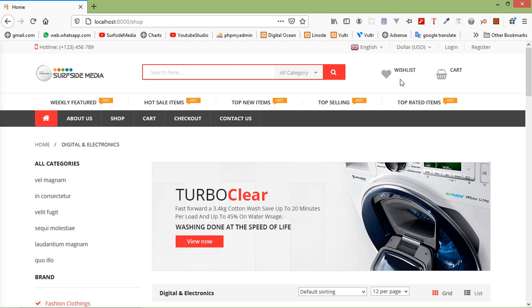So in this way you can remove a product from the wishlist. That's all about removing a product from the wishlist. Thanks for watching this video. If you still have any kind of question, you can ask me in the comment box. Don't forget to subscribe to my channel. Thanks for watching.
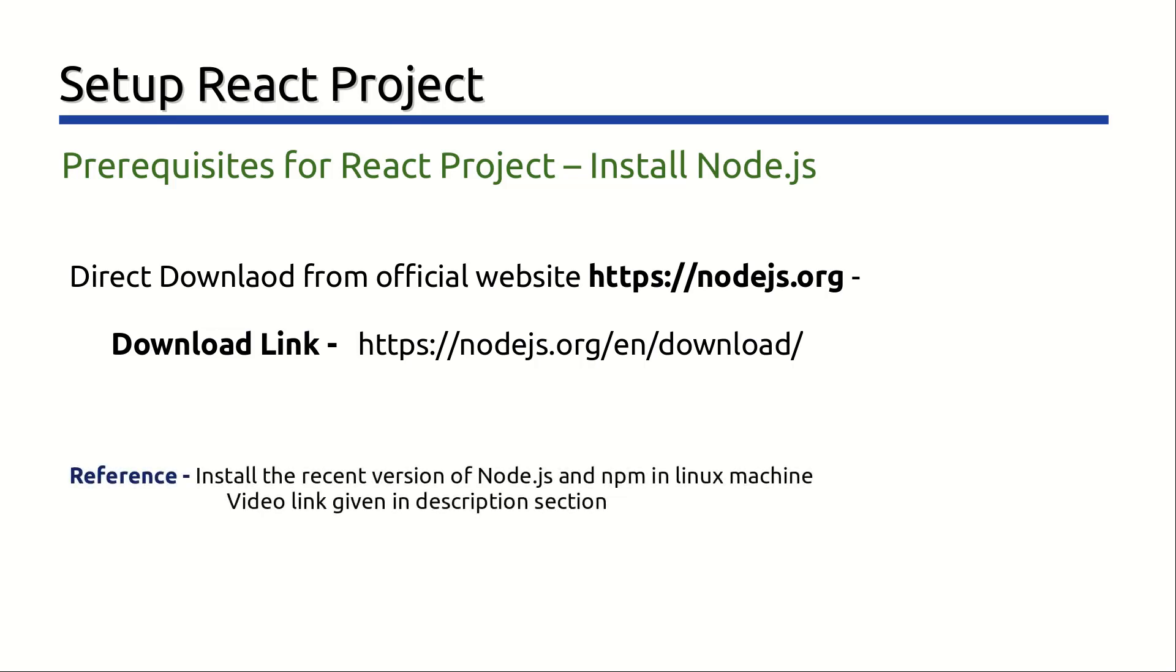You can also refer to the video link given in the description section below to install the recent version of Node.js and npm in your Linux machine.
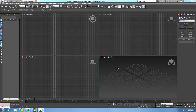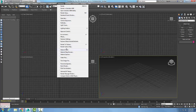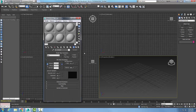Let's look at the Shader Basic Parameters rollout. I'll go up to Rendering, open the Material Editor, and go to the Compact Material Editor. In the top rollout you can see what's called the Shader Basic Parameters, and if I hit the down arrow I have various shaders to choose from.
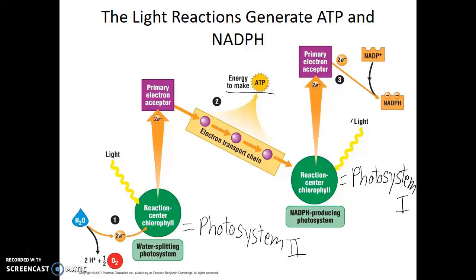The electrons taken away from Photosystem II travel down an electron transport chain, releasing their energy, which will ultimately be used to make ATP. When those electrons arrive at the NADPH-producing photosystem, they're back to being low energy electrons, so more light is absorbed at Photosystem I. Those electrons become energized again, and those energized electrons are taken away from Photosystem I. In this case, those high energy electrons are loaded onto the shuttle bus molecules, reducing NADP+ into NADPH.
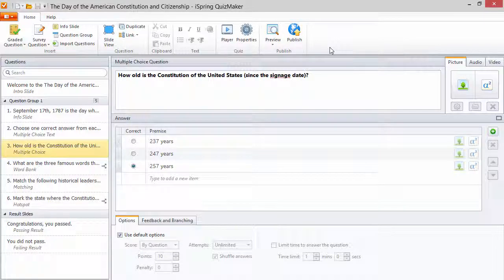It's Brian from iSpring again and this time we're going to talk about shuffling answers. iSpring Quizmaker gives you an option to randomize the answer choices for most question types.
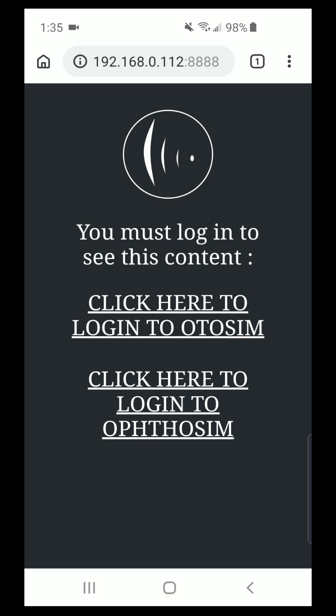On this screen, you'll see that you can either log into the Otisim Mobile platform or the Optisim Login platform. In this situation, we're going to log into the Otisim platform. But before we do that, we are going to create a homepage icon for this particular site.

···

● **TASK**: Before duplicating, set the pictures aside; then output exactly the lines from the one with "It's Brian from" through the end of the records, and only those.

● **RESPONSE BOX**:
It's Brian from iSpring again and this time we're going to talk about shuffling answers. iSpring Quizmaker gives you an option to randomize the answer choices for most question types.
On this screen, you'll see that you can either log into the Otisim Mobile platform or the Optisim Login platform. In this situation, we're going to log into the Otisim platform. But before we do that, we are going to create a homepage icon for this particular site.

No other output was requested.